──────── Records for the exercise ────────

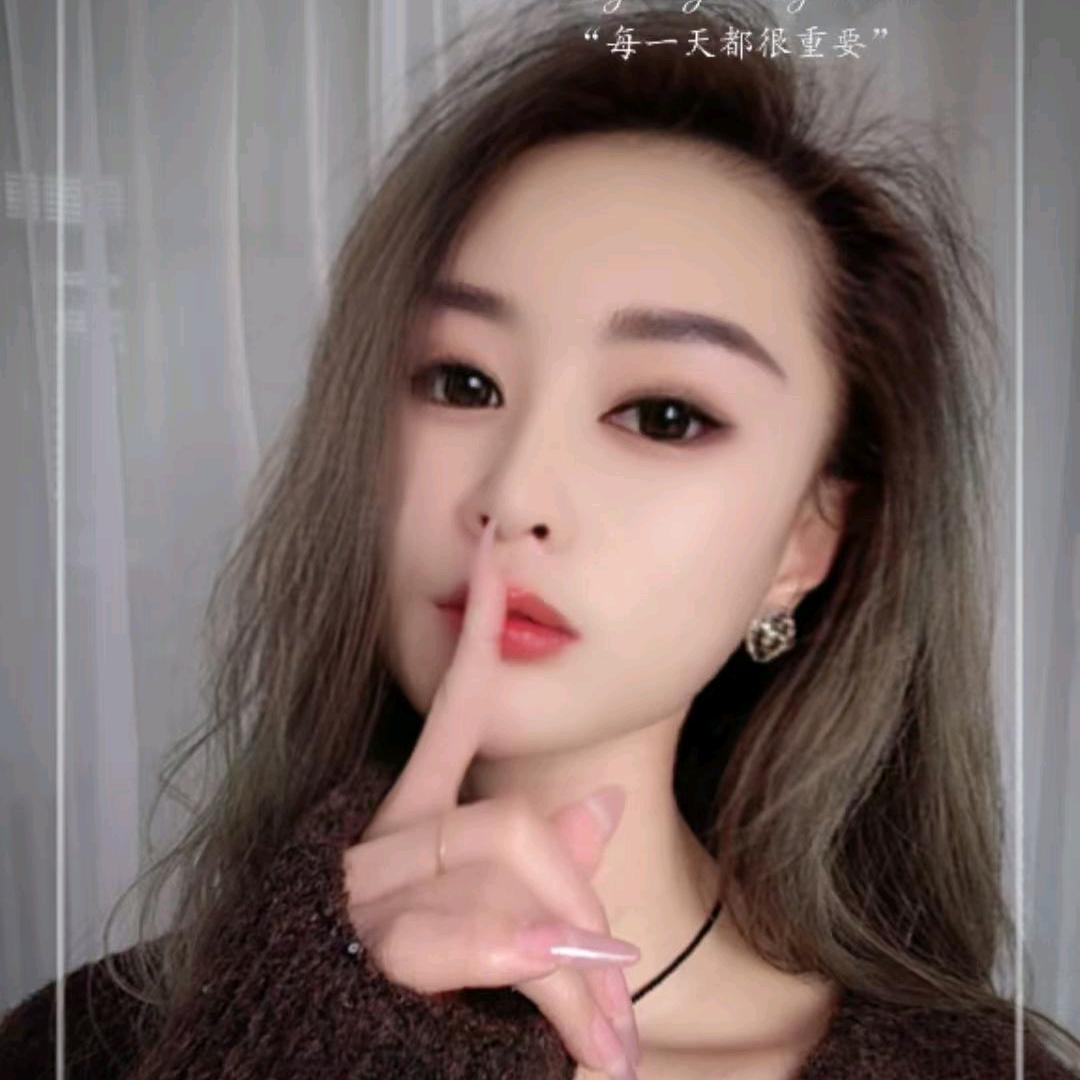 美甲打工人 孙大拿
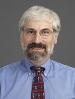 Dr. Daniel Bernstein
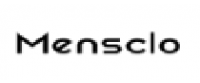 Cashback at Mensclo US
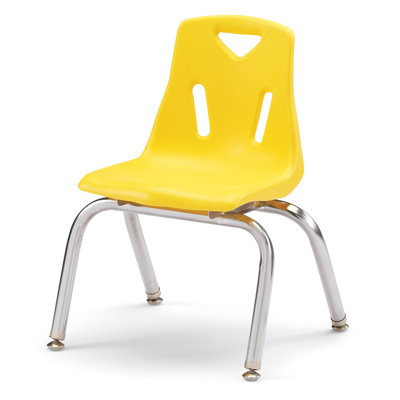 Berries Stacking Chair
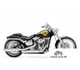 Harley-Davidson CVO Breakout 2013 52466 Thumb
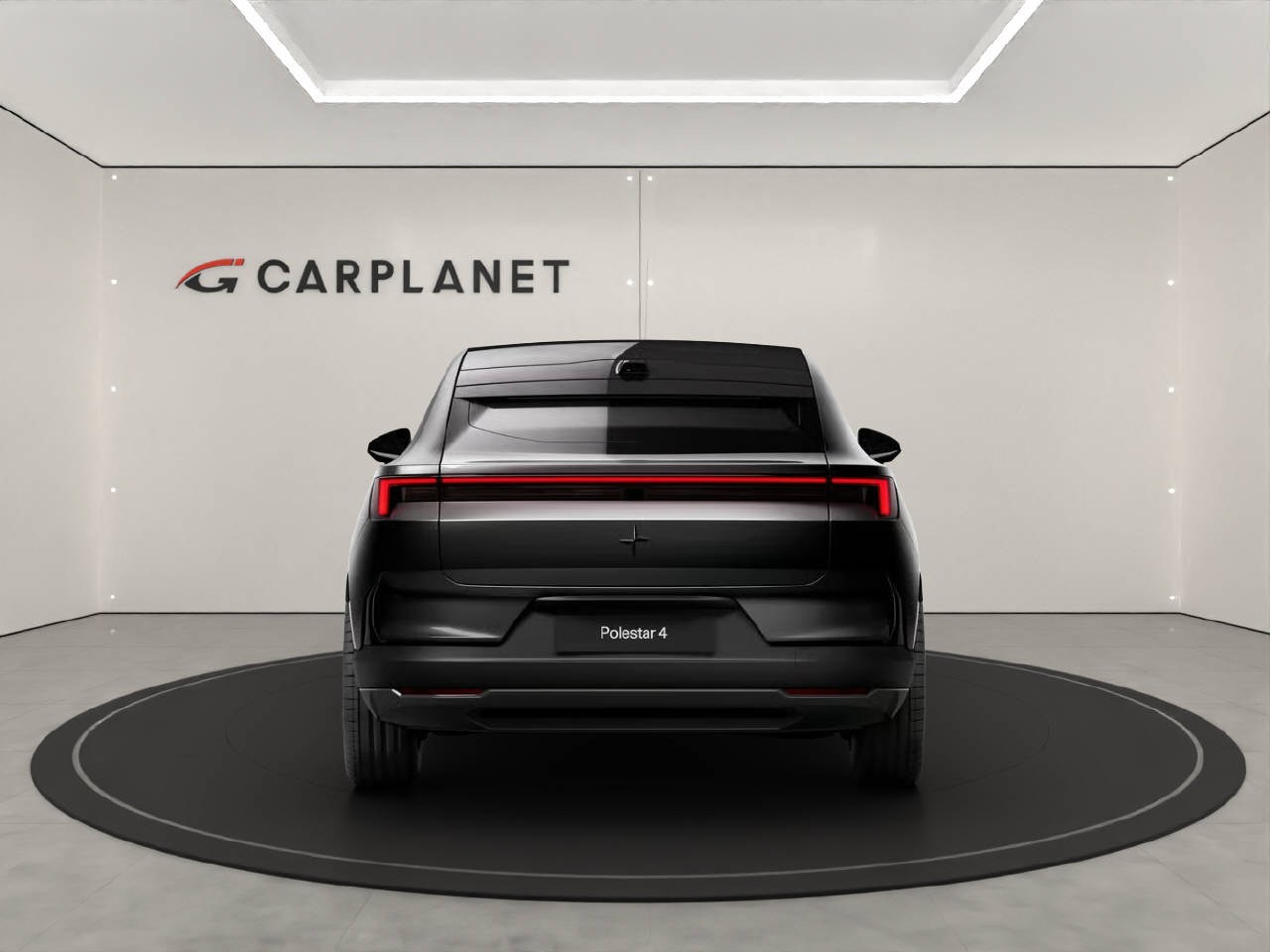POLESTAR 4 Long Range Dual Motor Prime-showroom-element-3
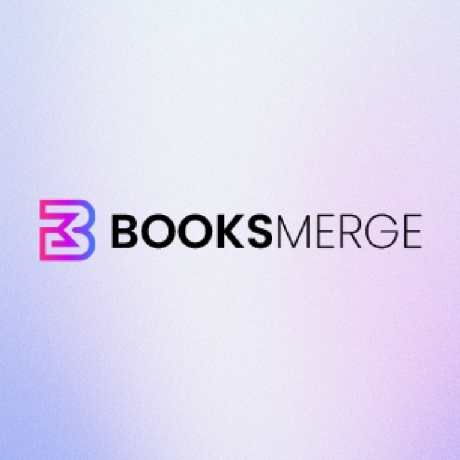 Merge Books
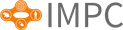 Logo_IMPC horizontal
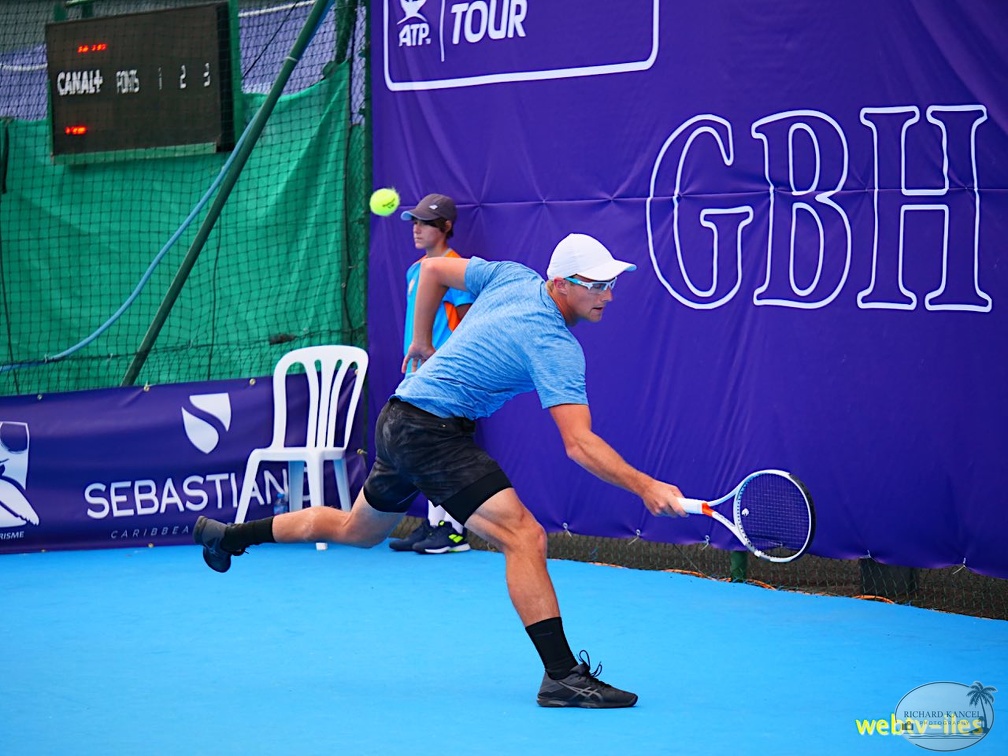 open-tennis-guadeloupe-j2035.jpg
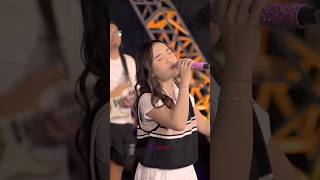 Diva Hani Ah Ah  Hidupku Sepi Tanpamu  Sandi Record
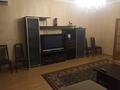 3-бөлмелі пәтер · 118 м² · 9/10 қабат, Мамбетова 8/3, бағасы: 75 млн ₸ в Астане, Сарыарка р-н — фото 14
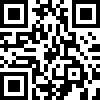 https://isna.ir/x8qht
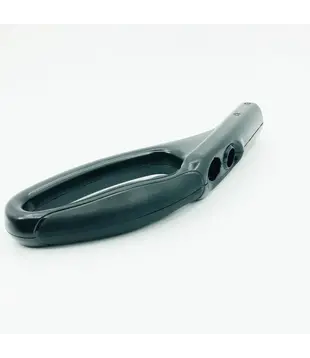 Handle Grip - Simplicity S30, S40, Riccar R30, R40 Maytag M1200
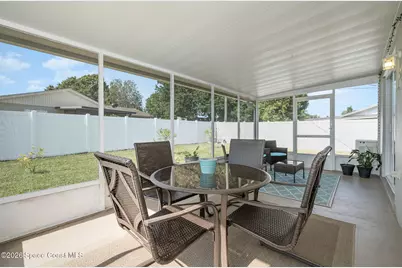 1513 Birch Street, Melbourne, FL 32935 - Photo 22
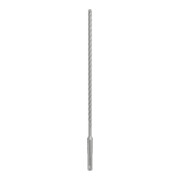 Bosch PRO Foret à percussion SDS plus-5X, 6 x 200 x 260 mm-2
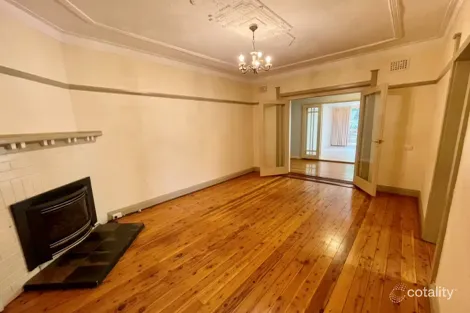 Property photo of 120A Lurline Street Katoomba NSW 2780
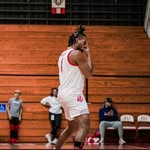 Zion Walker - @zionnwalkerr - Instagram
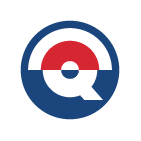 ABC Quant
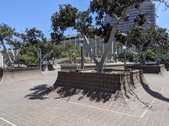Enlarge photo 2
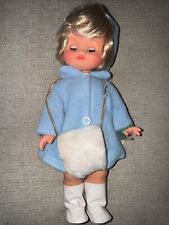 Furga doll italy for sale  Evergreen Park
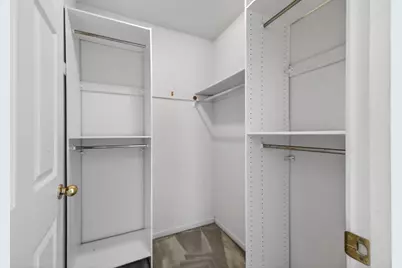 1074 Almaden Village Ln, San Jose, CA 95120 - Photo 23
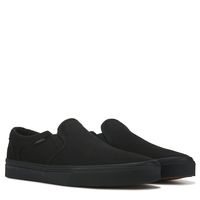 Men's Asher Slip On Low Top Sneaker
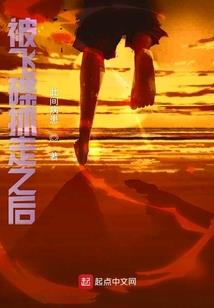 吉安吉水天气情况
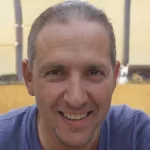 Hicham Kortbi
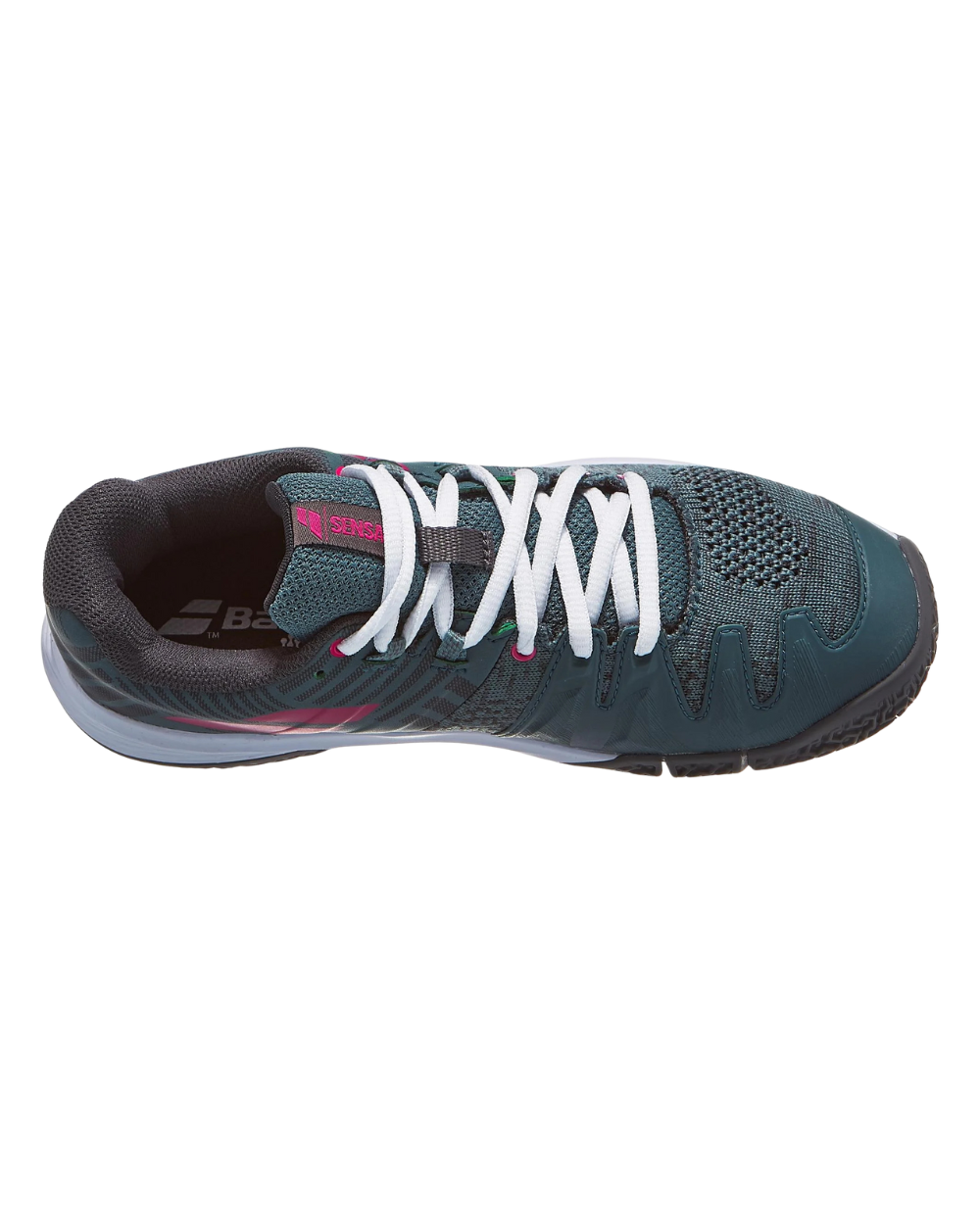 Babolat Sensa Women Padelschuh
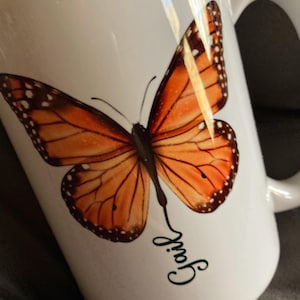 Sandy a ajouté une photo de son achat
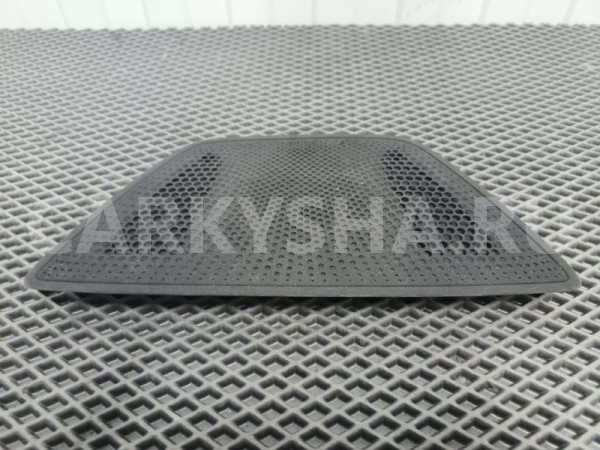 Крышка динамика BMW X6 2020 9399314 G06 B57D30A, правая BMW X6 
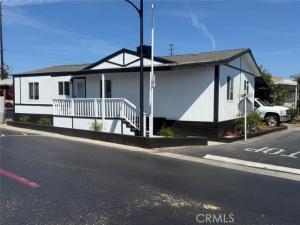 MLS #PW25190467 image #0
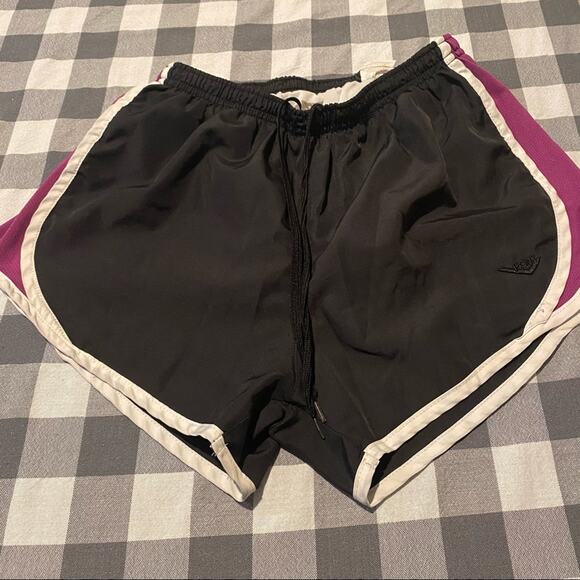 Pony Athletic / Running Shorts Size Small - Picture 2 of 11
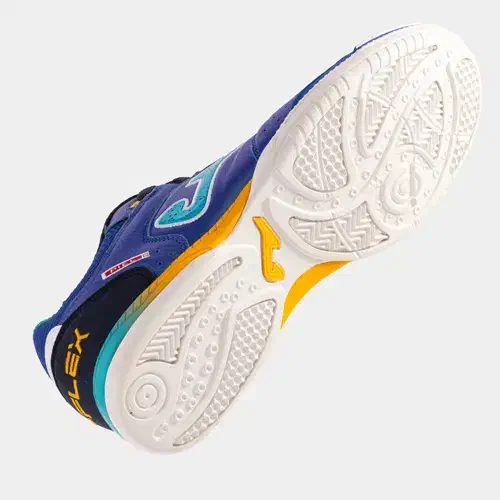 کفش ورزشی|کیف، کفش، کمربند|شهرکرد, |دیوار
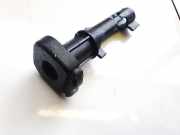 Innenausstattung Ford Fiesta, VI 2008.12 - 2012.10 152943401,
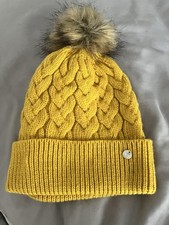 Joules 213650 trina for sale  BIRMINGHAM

────────

Exercise instructions: The material should be duplicated word for word, with no images included.

Exercise answer:
 美甲打工人 孙大拿
 Dr. Daniel Bernstein
 Cashback at Mensclo US
 Berries Stacking Chair
 Harley-Davidson CVO Breakout 2013 52466 Thumb
POLESTAR 4 Long Range Dual Motor Prime-showroom-element-3
 Merge Books
 Logo_IMPC horizontal
 open-tennis-guadeloupe-j2035.jpg
 Diva Hani Ah Ah  Hidupku Sepi Tanpamu  Sandi Record
 3-бөлмелі пәтер · 118 м² · 9/10 қабат, Мамбетова 8/3, бағасы: 75 млн ₸ в Астане, Сарыарка р-н — фото 14
 https://isna.ir/x8qht
 Handle Grip - Simplicity S30, S40, Riccar R30, R40 Maytag M1200
 1513 Birch Street, Melbourne, FL 32935 - Photo 22
 Bosch PRO Foret à percussion SDS plus-5X, 6 x 200 x 260 mm-2
 Property photo of 120A Lurline Street Katoomba NSW 2780
 Zion Walker - @zionnwalkerr - Instagram
 ABC Quant
Enlarge photo 2
 Furga doll italy for sale  Evergreen Park
 1074 Almaden Village Ln, San Jose, CA 95120 - Photo 23
 Men's Asher Slip On Low Top Sneaker
 吉安吉水天气情况
 Hicham Kortbi
 Babolat Sensa Women Padelschuh
 Sandy a ajouté une photo de son achat
 Крышка динамика BMW X6 2020 9399314 G06 B57D30A, правая BMW X6 
 MLS #PW25190467 image #0
 Pony Athletic / Running Shorts Size Small - Picture 2 of 11
 کفش ورزشی|کیف، کفش، کمربند|شهرکرد, |دیوار
 Innenausstattung Ford Fiesta, VI 2008.12 - 2012.10 152943401,
 Joules 213650 trina for sale  BIRMINGHAM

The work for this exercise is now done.